Sundays In Svetlogorsk
The excellent ‘In Your Pocket’ guide wrote of Svetlogorsk: ‘The whole experience is still decidedly Russian. Savour it before it becomes another generic seaside resort.’
This was written before the Schengen curtain went up around Kaliningrad. These days, Svetlogorsk is in scant danger of euro-isation. The main visitors are Moscow property developers and day trippers from Kaliningrad. So you’ll still get dill with everything and a strong whiff of barbecues in the Baltic breeze.
A sunny Sunday is normally the cue for Kaliningraders to head for the coast.
Svetlogorsk is actually two places, imaginatively called Svetlogorsk 1 and 2, which roughly equate to ‘ville’ and ‘plage’. Svetlogorsk 1 is the old spa centre, with lakeside sanatoria. The old wooden station (1900) here is the real deal, but in Svetlogorsk 2 you’ll set down from the elektrische at the new, repro-Prussian terminal.
First stop on the promenade is the sundial. It’s said to be the largest in Europe and a Soviet miracle from the 1970s. Originally it was Friedrich-Wilhelm IV who ordered the resort to be prettified, though it’s unlikely he had this in mind. It’s also a least a quarter of an hour out.
There are many stalls in Svetlogorsk but only really two kinds of souvenirs. The majority are trinkets from the local amber mines. Other stalls sell pottery with both German and Russian motifs: Konigsberg and Kaliningrad, or Rauschen and Svetlogorsk.
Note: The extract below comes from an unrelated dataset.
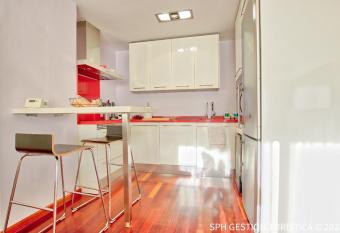 Walker Apartamento Centro Murcia has rooms with a private hot tub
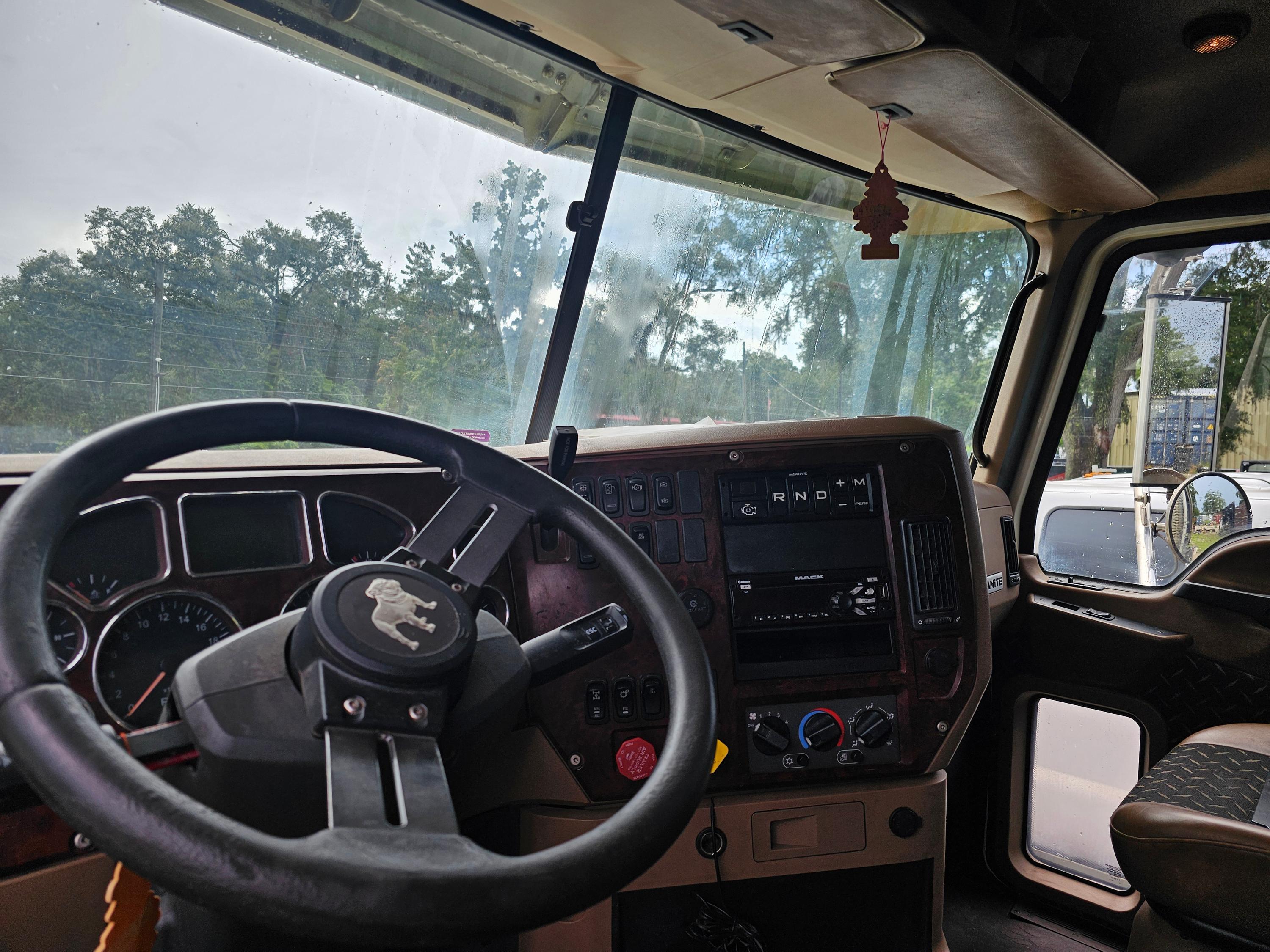 2019 Mack GR 64 B Dump Truck - image 6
They appear as if self-twinning towns.

In its heyday, Rauschen had 3,000 closed beach cabins for changing. In Svetlogorsk you just take your underpants and some vodka.

After the beach, it’s a wander around the cafes to Russian romances.

Svetlogorsk has its luxe hotels of course but to enjoy it Russian style you can’t do better than rent a cabin in the old Pioneer camp. (Old Pioneers welcome.)